The Commission's examination programme reviews Rule 17a-7 compliance as part of its broader assessment of affiliated transaction oversight within fund complexes, with specific attention to whether the board's quarterly compliance determinations are supported by adequate information and whether any transactions occurred that should have been reviewed under the rule's framework but were not identified as Rule 17a-7 transactions.
Cases in which funds have effected cross trades in securities without readily available market quotations — inadvertently or through misapplication of the pre-Rule 2a-5 pricing standard — have been identified in examinations as potential Section 17(a) violations, since such transactions would not qualify for Rule 17a-7's exemption and therefore remain subject to the affiliated transaction prohibition.
The examination focus on this issue has intensified since Rule 2a-5's compliance date following the recognised narrowing of the readily available market quotation definition.

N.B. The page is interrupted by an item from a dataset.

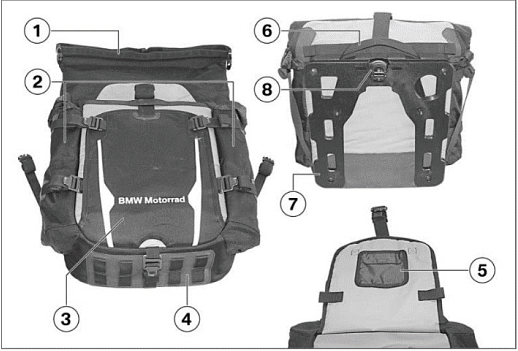 bmw atacama soft luggage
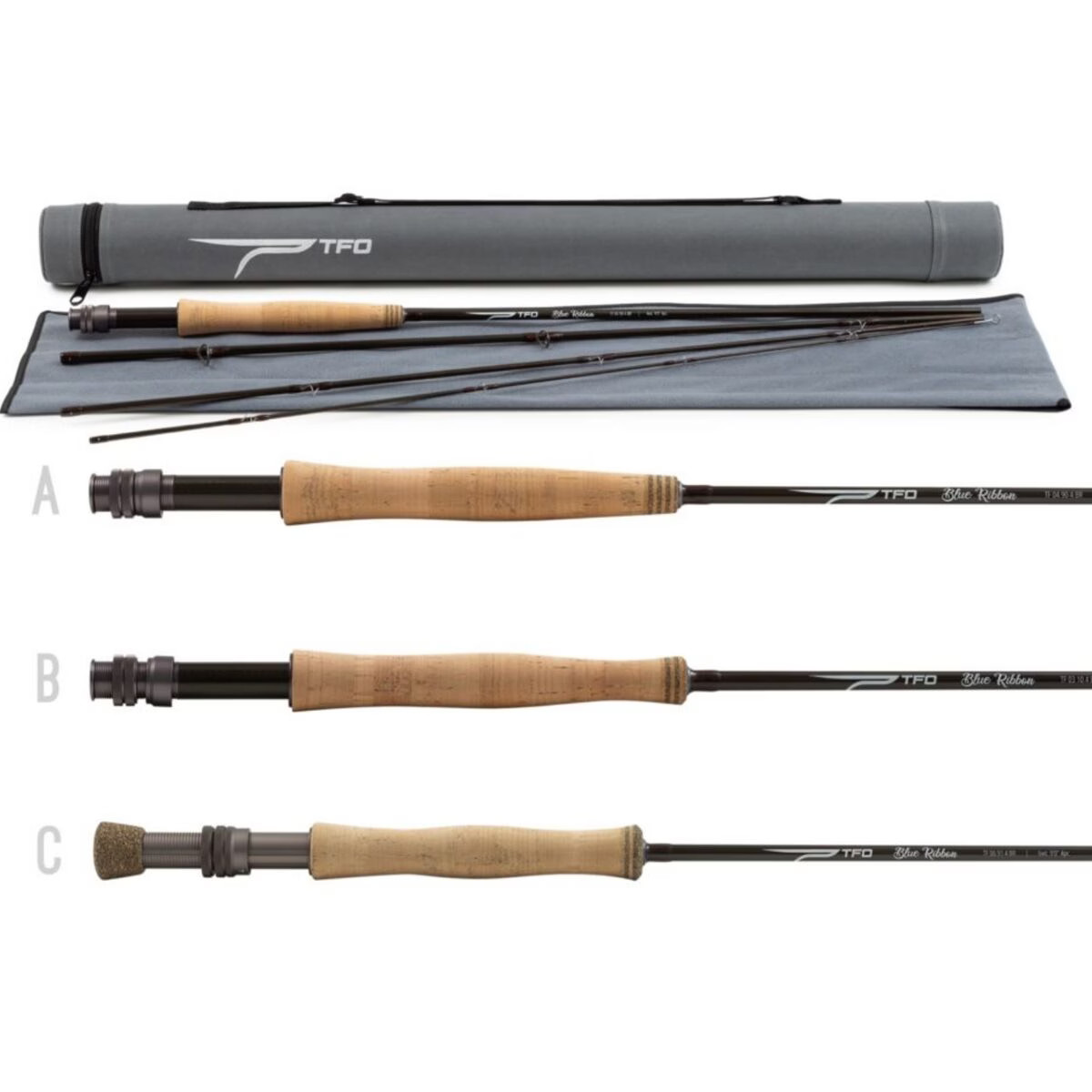 TFO Blue Ribbon Series Fly Rod – 4 Piece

Examination Relevance and Key Takeaways
Rule 17a-7 is examined at the Series 65 level as the primary affiliated transaction exemption for intra-complex fund cross-trading. The seven conditions for the exemption — cash payment against prompt delivery; readily available market quotations; independent current market price; no brokerage commission except customary transfer charges; no interested broker-dealer without prior approval; board-adopted procedures with quarterly compliance determinations; and fund governance standard compliance — are the primary substantive examination content.
The rule's interaction with Rule 2a-5's Level 1 definition of readily available market quotations — and the consequent constraint on fixed income cross-trading — is a relevant examination concept illustrating how adjacent rule amendments can substantially alter the practical scope of an established exemptive provision.
The key points to retain are these. Rule 17a-7 exempts from Section 17(a)'s affiliated transaction prohibition purchases and sales of securities between affiliated registered investment companies, or between a fund and an affiliated person, where affiliation arises solely from a common investment adviser, director, or officer.
Seven conditions must be simultaneously satisfied: the transaction must be a cash purchase or sale of a security with readily available market quotations; effected at the independent current market price; without brokerage commissions except customary transfer charges; without interested broker-dealers without prior approval; subject to board-adopted procedures and at least quarterly compliance determinations; by a board satisfying fund governance standards under Rule 0-1(a)(7); and with permanent and six-year recordkeeping of procedures and transaction records respectively. Rule 2a-5's Level 1-only definition of readily available market quotations has substantially constrained Rule 17a-7 cross-trading of fixed income securities since its compliance date.
The Commission staff issued a statement seeking comment on Rule 17a-7 modernisation in March 2021; no formal proposal has been published up to the present time. The ICI submitted an urgent modernisation request to Chair Atkins in August 2025. No changes have been made to Rule 17a-7's operative provisions up to the present time.